## AIM OF THE EXERCISE
Only the lines from the beginning of the data below through the line containing "And the Beat" belong in the response, each copied exactly.
══════════
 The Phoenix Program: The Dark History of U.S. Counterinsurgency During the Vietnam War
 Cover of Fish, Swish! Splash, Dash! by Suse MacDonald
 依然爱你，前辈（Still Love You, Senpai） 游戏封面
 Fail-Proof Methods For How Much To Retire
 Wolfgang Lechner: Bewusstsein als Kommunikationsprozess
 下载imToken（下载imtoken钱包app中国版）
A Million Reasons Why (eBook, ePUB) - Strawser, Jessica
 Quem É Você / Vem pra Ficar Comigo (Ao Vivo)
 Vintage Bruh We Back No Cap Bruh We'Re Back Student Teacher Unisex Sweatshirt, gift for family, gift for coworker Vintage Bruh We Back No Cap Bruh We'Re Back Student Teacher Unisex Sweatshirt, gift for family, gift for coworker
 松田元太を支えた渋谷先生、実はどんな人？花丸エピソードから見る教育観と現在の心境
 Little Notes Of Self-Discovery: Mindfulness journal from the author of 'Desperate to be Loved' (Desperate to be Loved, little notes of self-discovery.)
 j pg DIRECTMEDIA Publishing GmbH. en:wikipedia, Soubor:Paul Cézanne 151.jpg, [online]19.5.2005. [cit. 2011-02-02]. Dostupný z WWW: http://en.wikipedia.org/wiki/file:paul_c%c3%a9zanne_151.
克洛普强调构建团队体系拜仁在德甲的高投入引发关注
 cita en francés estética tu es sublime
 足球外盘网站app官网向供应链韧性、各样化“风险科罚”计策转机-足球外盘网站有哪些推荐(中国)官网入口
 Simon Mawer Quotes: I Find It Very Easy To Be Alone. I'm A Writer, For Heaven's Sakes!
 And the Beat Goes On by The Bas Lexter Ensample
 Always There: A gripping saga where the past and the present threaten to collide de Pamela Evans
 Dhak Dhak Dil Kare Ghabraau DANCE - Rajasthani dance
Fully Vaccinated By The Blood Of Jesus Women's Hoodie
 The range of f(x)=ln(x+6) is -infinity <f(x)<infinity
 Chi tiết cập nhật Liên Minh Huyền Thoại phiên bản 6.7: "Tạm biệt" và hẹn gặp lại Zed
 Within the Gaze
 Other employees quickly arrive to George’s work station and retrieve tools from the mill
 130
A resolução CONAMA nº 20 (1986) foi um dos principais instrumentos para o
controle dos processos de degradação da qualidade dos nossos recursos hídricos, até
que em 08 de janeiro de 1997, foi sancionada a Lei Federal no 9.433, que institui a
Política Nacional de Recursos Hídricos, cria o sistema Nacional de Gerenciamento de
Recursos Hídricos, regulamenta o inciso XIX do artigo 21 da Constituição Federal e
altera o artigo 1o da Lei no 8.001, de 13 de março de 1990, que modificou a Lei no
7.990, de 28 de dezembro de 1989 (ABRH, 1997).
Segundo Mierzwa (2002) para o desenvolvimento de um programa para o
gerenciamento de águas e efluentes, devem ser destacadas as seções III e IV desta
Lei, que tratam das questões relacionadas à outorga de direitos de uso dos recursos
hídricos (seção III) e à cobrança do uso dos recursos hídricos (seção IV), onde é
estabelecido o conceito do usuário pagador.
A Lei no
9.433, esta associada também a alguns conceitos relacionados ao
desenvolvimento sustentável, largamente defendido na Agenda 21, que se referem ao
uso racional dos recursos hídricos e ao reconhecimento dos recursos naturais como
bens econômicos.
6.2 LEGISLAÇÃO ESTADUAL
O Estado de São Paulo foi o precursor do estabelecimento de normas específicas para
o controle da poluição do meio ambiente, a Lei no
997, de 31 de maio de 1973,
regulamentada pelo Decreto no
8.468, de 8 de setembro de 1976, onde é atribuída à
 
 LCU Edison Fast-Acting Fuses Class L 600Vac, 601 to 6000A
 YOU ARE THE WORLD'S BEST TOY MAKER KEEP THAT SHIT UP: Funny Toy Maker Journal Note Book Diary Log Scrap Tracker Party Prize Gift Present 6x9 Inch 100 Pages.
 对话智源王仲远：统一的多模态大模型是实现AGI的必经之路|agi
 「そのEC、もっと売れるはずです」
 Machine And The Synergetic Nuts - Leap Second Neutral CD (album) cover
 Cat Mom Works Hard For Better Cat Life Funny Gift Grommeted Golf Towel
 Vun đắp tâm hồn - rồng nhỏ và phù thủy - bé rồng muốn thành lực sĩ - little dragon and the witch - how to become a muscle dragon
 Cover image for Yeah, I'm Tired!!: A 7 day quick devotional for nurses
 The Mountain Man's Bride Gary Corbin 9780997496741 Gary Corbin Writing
══════════
## SOLUTION FOR THIS EXERCISE
 The Phoenix Program: The Dark History of U.S. Counterinsurgency During the Vietnam War
 Cover of Fish, Swish! Splash, Dash! by Suse MacDonald
 依然爱你，前辈（Still Love You, Senpai） 游戏封面
 Fail-Proof Methods For How Much To Retire
 Wolfgang Lechner: Bewusstsein als Kommunikationsprozess
 下载imToken（下载imtoken钱包app中国版）
A Million Reasons Why (eBook, ePUB) - Strawser, Jessica
 Quem É Você / Vem pra Ficar Comigo (Ao Vivo)
 Vintage Bruh We Back No Cap Bruh We'Re Back Student Teacher Unisex Sweatshirt, gift for family, gift for coworker Vintage Bruh We Back No Cap Bruh We'Re Back Student Teacher Unisex Sweatshirt, gift for family, gift for coworker
 松田元太を支えた渋谷先生、実はどんな人？花丸エピソードから見る教育観と現在の心境
 Little Notes Of Self-Discovery: Mindfulness journal from the author of 'Desperate to be Loved' (Desperate to be Loved, little notes of self-discovery.)
 j pg DIRECTMEDIA Publishing GmbH. en:wikipedia, Soubor:Paul Cézanne 151.jpg, [online]19.5.2005. [cit. 2011-02-02]. Dostupný z WWW: http://en.wikipedia.org/wiki/file:paul_c%c3%a9zanne_151.
克洛普强调构建团队体系拜仁在德甲的高投入引发关注
 cita en francés estética tu es sublime
 足球外盘网站app官网向供应链韧性、各样化“风险科罚”计策转机-足球外盘网站有哪些推荐(中国)官网入口
 Simon Mawer Quotes: I Find It Very Easy To Be Alone. I'm A Writer, For Heaven's Sakes!
 And the Beat Goes On by The Bas Lexter Ensample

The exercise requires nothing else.